Concerned about global climate change, Kazakhstan is planning to launch a Regional Glaciological Center in the country’s largest city, Almaty, to explore melting of glaciers and help find solutions to the country’s water crisis.
“We are going to attract leading scientists from Russia, Uzbekistan, Kyrgyzstan and Tajikistan, as well as scientists from Japan, the US, Canada and Germany, who are closely involved in glaciology,” Turebek Tokmagambetov, the head of the Department of Glaciology at Kazakhstan’s Institute of Geography, told Caspian News.
The activities of the center, which will operate under the auspices of UNESCO, will focus on how climate changes affect glaciers, snow covers, glacial lakes, underground ice, permafrost, and the impact of climate change on regional water resources.
Kazakhstan initiated the project in 2006, when the country hosted the UNESCO-led Seminar and Workshop on Science, Technology and Innovation Indicators. Six years later, in December 2012, representatives from Astana and UNESCO signed an agreement to establish the Glaciological Center within Kazakhstan’s Institute of Geography.
“President Nursultan Nazarbayev ratified this document in March 2017, and we are expecting the center to open its doors in the very near future, most likely by the end of this year,” Tokmagambetov said.
Stretching between China and the Caspian Sea, Kazakhstan measures over 2.7 million square kilometers (1.05 million square miles), making it the world’s ninth largest country. With a population of nearly 18 million, the largest in Central Asia, fresh water is in high demand. In 2015, residents in Kazakhstan consumed about 510 million cubic meters (18 billion cubic feet), making it one of the world’s largest water-consuming countries.
Main sources of fresh water include rivers such as the Irtysh, Syr Darya, Ural and Ili, some of which are fed by glaciers located mostly in the eastern and southeastern corners of Kazakhstan.
To track changes in movements of its 2,724 glaciers, Kazakhstan has three permanent research stations, one which is based near the Tuyuksu glacier in the Malaya Almatinka River basin.
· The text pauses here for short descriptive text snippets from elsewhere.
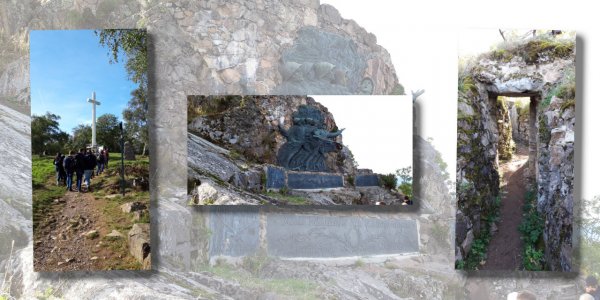 Exkursion auf das Schlachtfeld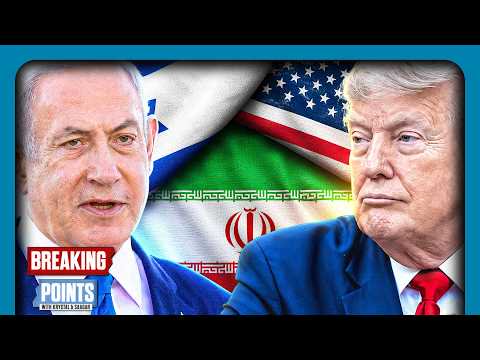 Israel CONJURES New Intel As Trump Floats BOMBING PICKAXE Mountain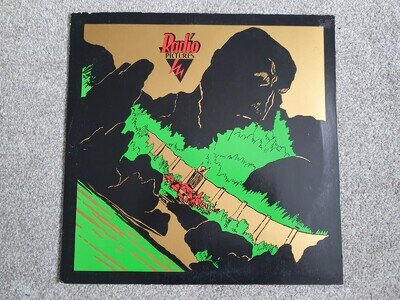 New Order - Radio Pictures, Clear Vinyl, White Label, Rare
Launched in 1972, this station has the longest series of observations amongst former Soviet republics, or the Commonwealth of Independent States, and its data is shared internationally, including with the Switzerland-based World Glacier Monitoring Service.
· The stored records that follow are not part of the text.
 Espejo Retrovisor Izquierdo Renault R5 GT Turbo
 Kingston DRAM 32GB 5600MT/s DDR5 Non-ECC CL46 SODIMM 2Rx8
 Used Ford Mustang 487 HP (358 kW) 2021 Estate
Researchers say monitoring the cryosphere, or frozen parts of mountains, in the region is important in order to predict if Kazakhstan will have enough resources to meet economic and social demands, like access to clean water. Water scarcity is no small matter in the region, and some experts say that it may face a problem come the year 2030.
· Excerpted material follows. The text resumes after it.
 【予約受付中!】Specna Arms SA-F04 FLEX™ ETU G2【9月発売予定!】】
Desertification is not unheard of in Kazakhstan, and the Soviet Union left a permanent scar in areas including the Aral Sea basin. Once occupying a territory of more than 60,000 square kilometers (23,000 square miles) on the border between southwestern Kazakhstan and northwestern Uzbekistan, the sea’s surface area measures just 17,160 square kilometers (6,626 square miles), or just ten percent of its original volume.
The Syr Darya and Amu Darya, the two largest rivers in Central Asia, used to flow into the Aral Sea, but after their waters were diverted by the USSR to irrigate cotton fields in Uzbekistan, most of the Amu Darya’s waters failed to ever reach the Aral Sea. As a result of desertification, the sea has split into two salt lakes: the South Aral Sea, dubbed the “Large Sea” and lying mainly within Uzbekistan’s borders, and the North Aral Sea, also called the “Small Sea,” in Kazakhstan.
In an attempt to raise the sea’s water levels, Kazakhstan’s government has allocated $85 million for the construction of the Dike Kokaral dam, which runs along a narrow stretch of water separating the North Aral Sea from the South Sea. Designed to conserve water flowing from the Syr Darya River, the dam is attempting to revive the ecology of the North Aral Sea and its surrounding area.